-- Action item --
Leave the pictures out. Retype exactly the lines below from the one containing "Bright white bathroom" through the one containing "a hammock on", and no others.

-- Recorded information --
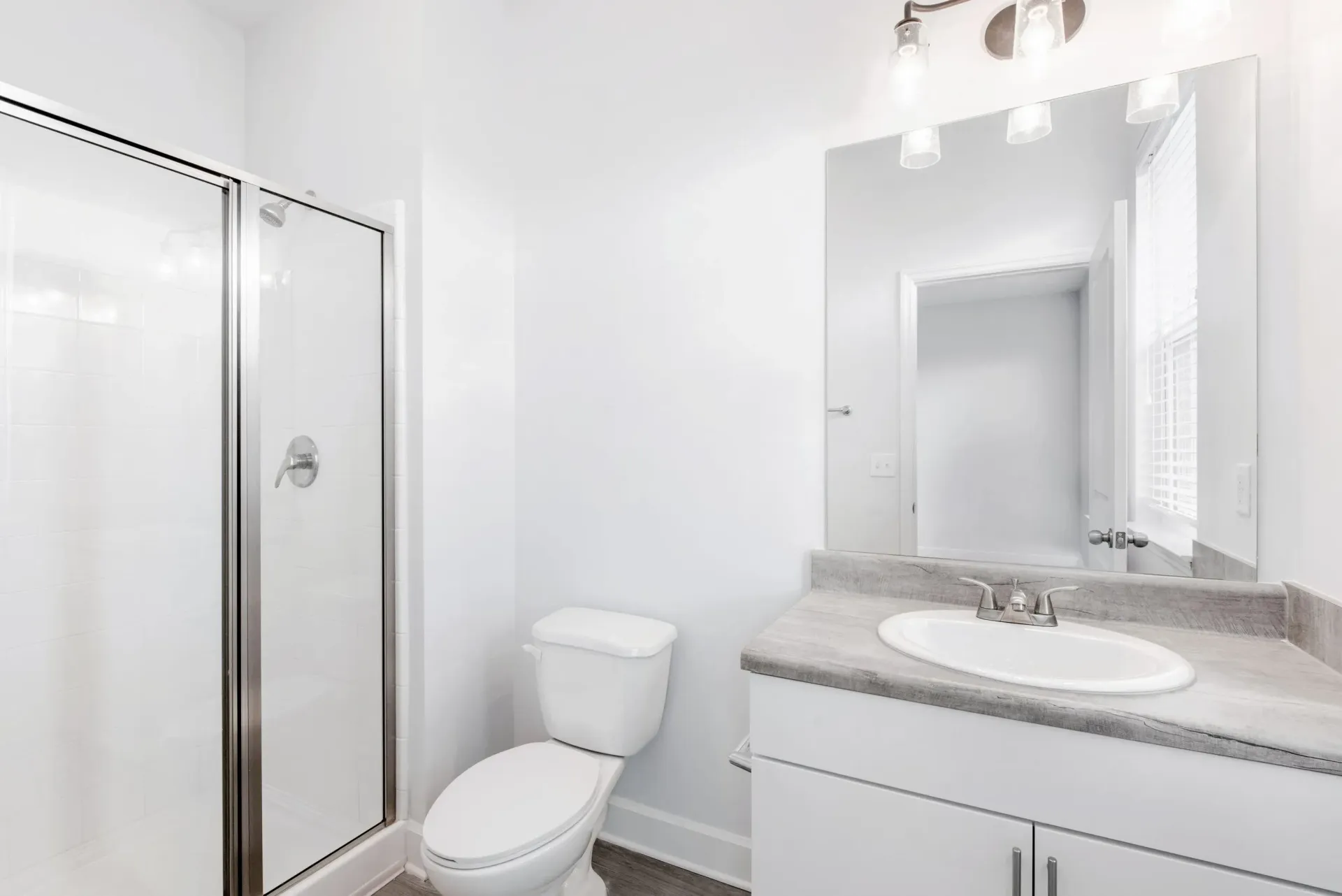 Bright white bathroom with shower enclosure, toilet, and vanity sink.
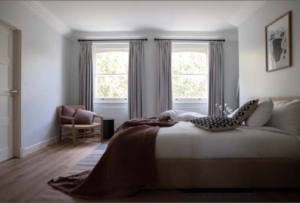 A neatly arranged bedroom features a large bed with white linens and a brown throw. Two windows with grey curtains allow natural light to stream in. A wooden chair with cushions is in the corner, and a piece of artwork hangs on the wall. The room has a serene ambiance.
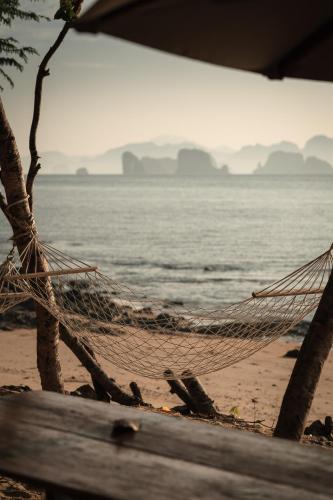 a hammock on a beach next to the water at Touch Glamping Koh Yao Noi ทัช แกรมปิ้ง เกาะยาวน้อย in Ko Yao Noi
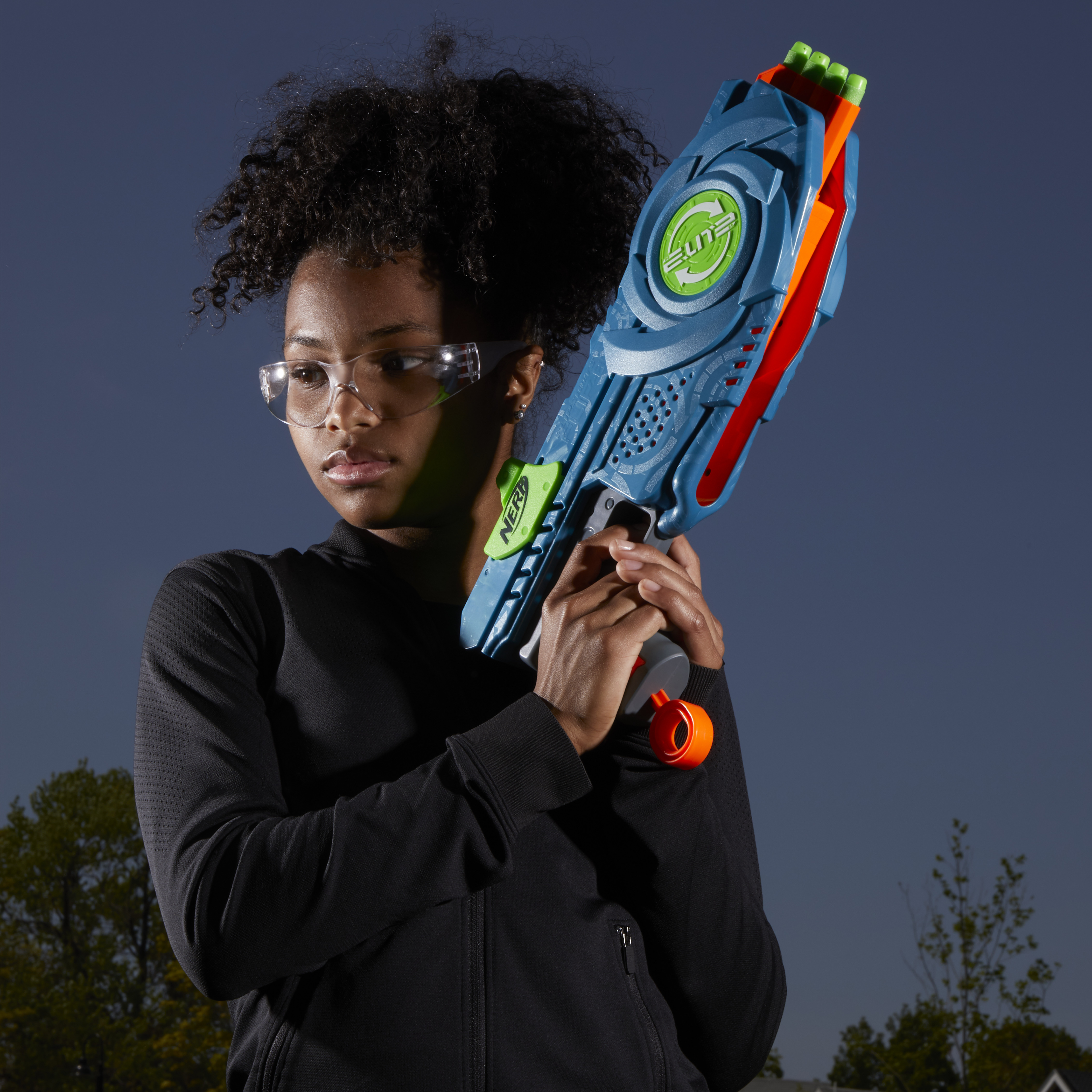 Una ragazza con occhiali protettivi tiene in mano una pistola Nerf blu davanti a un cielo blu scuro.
==
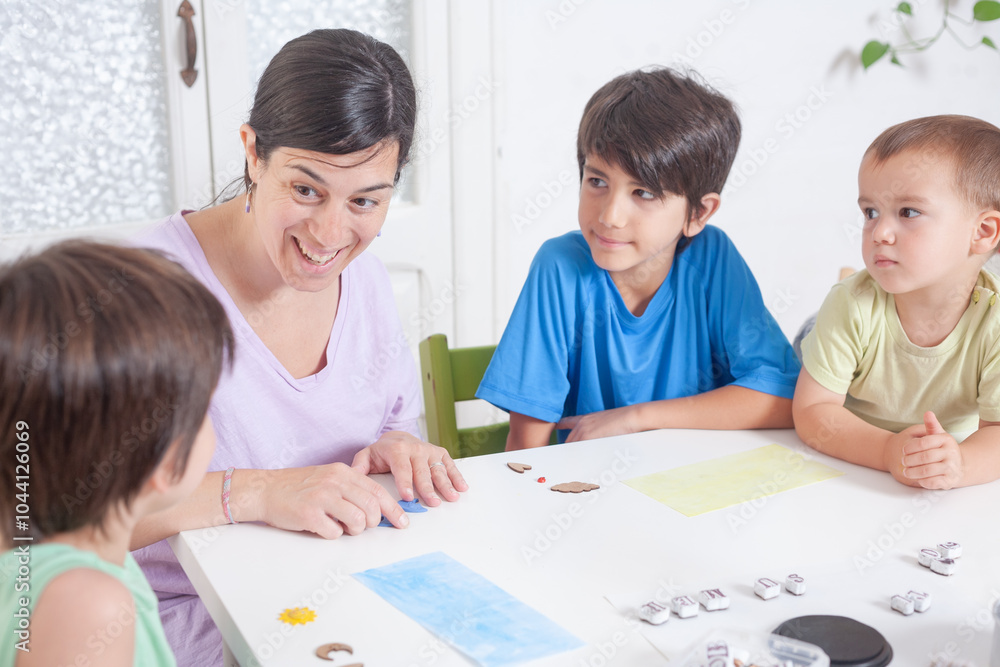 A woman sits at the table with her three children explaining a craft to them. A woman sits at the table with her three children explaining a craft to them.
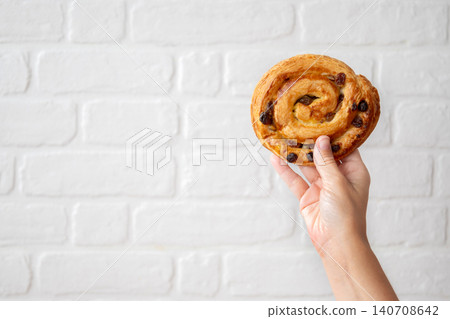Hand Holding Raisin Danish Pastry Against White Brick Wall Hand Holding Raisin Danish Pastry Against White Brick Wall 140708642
--
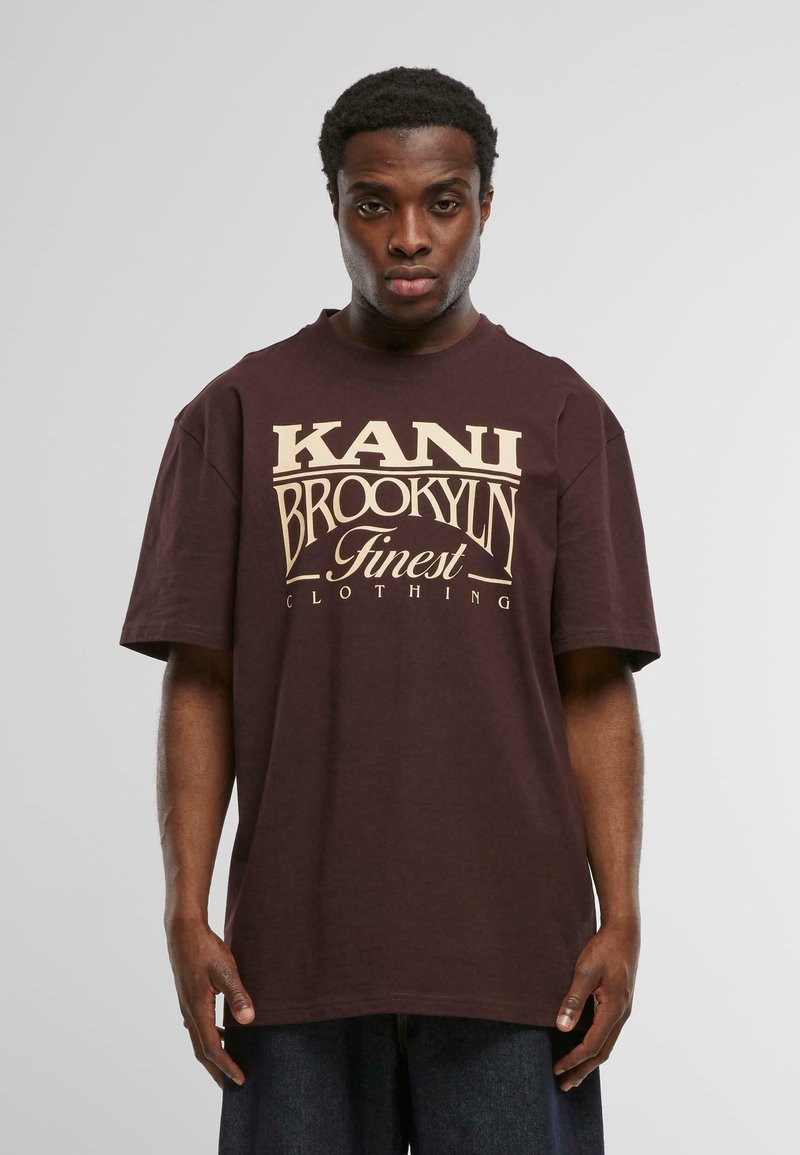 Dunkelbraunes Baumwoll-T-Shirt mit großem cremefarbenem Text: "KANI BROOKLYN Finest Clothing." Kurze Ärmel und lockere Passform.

-- Finished task --
 Bright white bathroom with shower enclosure, toilet, and vanity sink.
 A neatly arranged bedroom features a large bed with white linens and a brown throw. Two windows with grey curtains allow natural light to stream in. A wooden chair with cushions is in the corner, and a piece of artwork hangs on the wall. The room has a serene ambiance.
 a hammock on a beach next to the water at Touch Glamping Koh Yao Noi ทัช แกรมปิ้ง เกาะยาวน้อย in Ko Yao Noi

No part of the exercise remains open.